Toni: As the years pass and I grow stronger in my sense of self, I am thankful for my mother and the Border women who reared me. They taught me to be an independent woman before I even realized that I was one—free from the conditions of society, free from gender restrictions, and free from socioeconomic status. Independent women today are trailblazers respecting the paths behind them, but destined to make their own way and lend a hand to others—not to carry them but to stride side by side—independently and collectively.
Hannah: An independent woman makes choices that are right for her but also for the benefit of others. She sees her choices and decisions in the context of the social, political, environmental, sexual, and personal forces in her life. She is grounded in her own strength, intelligence, and self-awareness. Independence isn’t a bull charging through a crowd but rather water that can take shape to fit its environment and nourish, while reshaping the rocks along its way.
Kathryn: I quickly learned traveling internationally how truly fortunate we as women are because of the passport we carry—God bless the USA! I love knowing my possibilities are limitless. It helps me love the limits that I choose for my life.
Barbara: An independent woman is a woman who is confident, content, and capable—alone or not. She isn’t jealous of other women. An independent woman loves herself first and doesn’t let a relationship enhance or define her. She is her own person with her own opinion and life!
Bulaong: An independent woman is someone who navigates the world courageously, unapologetically, and graciously. A woman who in her alone time is never lonely because all she has ever needed was herself. To be independent is to be liberated from the strains of society, to say, “This is me!

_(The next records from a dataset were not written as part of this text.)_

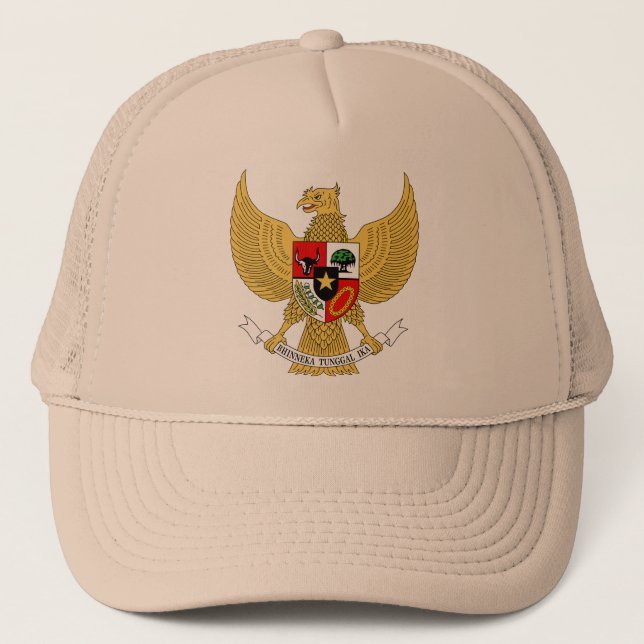 Gorra De Camionero Garuda Pancasila, t arma Indonesia, Indonesia (Anverso)
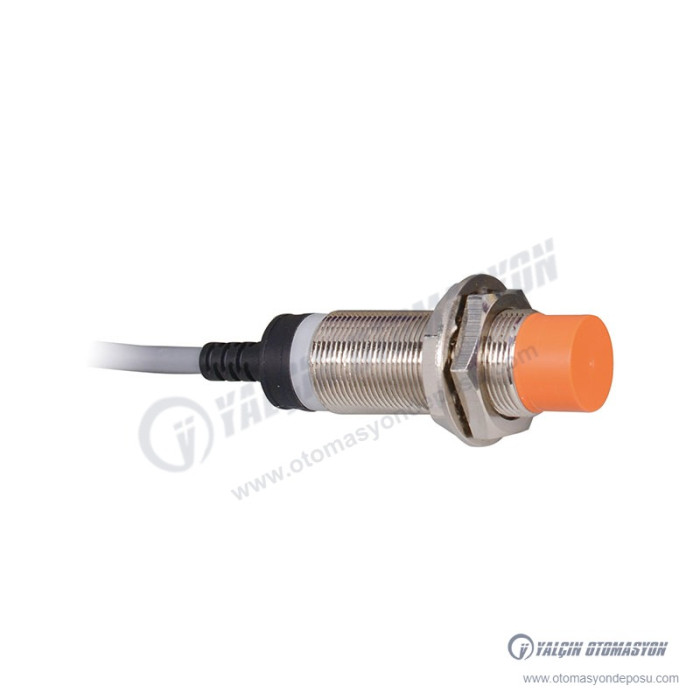 LM18-3012NAL 18mm Metal Silindirik Çıkık Kafa Endüktif Sensor 12mm Algılama 10-30V DC NPN NO 2metre 3 kablolu – YLCN LM18-3012NAL 18mm Metal Silindirik Çıkık Kafa Endüktif Sensor 12mm Algılama 10-30V DC NPN NO 2metre 3 kablolu – YLCN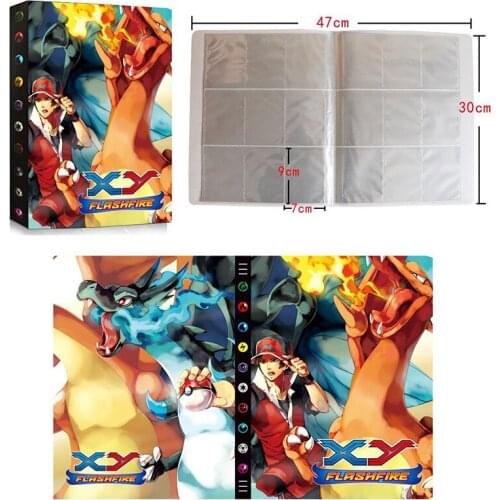 432Pcs Pokemon Ash Charizard X Charizard Holder Toys Collections Cards francaise Album Book Loaded List Toys Gift for Children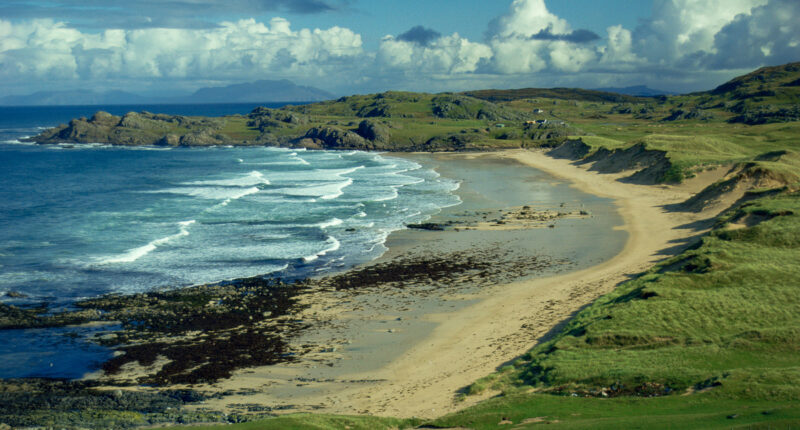 A beach on the Isle of Coll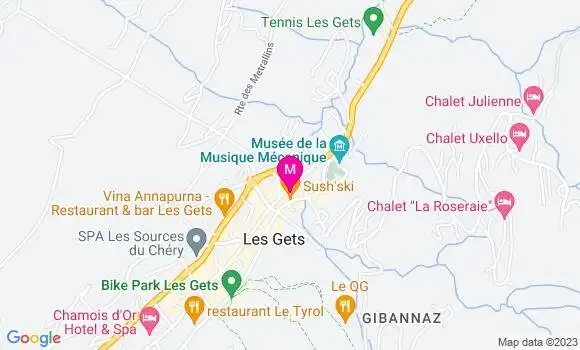 Localisation Restaurant  La Becanerie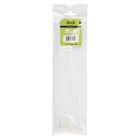 NEXUS CABLE TIES T501 4.8MMX300MM WHITE 20 PACK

Take it or leave it!”
Courtney: An independent woman possesses an indomitable inner strength and an unwavering sense of purpose. She doesn’t need validation from anyone outside of herself, but this doesn’t mean she doesn’t appreciate love, kindness, and help from other people. I think independence is less about financial circumstances or relationship status and more about the spirit of a person.

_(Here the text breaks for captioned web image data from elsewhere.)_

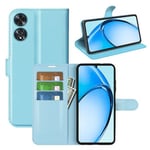 Oppo A60 4G      Pu Wallet Case    [Lightblue]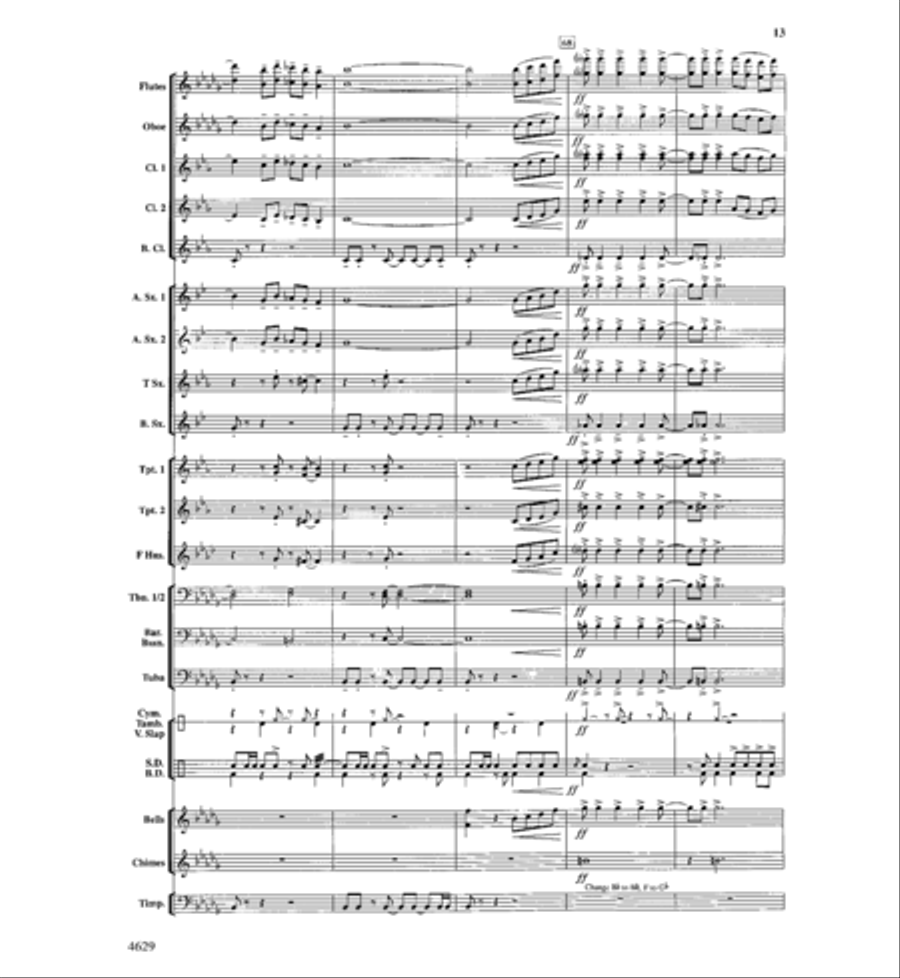 Sirocco Concert Band scores gallery preview page 14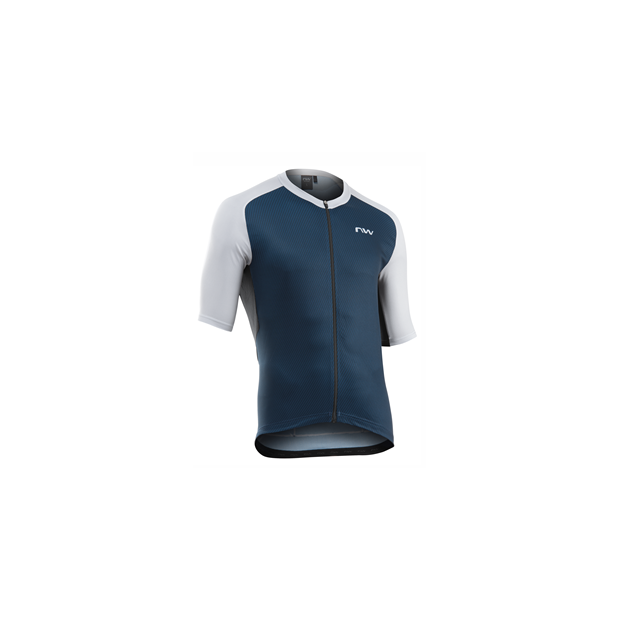 Maillot Manches Courtes Route Northwave Force Evo - Bleu Profond
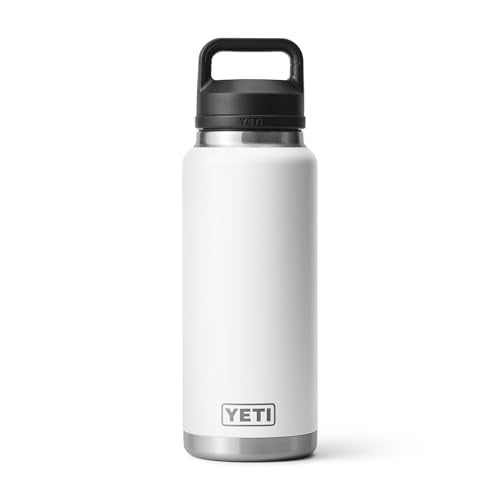 YETI Rambler 36 oz Bottle, Vacuum Insulated, Stainless Steel with Chug Cap, White - Image 1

KK: I’m quite the fan of solo road trips and plenty of “I can do it myself, thank you very much” projects. However, as I get older, my idea of being an independent woman has evolved. It no longer means proving I can do it all by myself because I know I can. Rather, the question becomes, “Do I always want to?” Even being independent, I’ve learned how to compromise without compromising myself.
Holly: To me, an independent woman doesn’t necessarily have to be a loner, live a “no strings attached” lifestyle, or even have full financial freedom, but rather she is a free thinker who has confidence in herself, her character, and her abilities. She has strength not only for herself but also for those around her.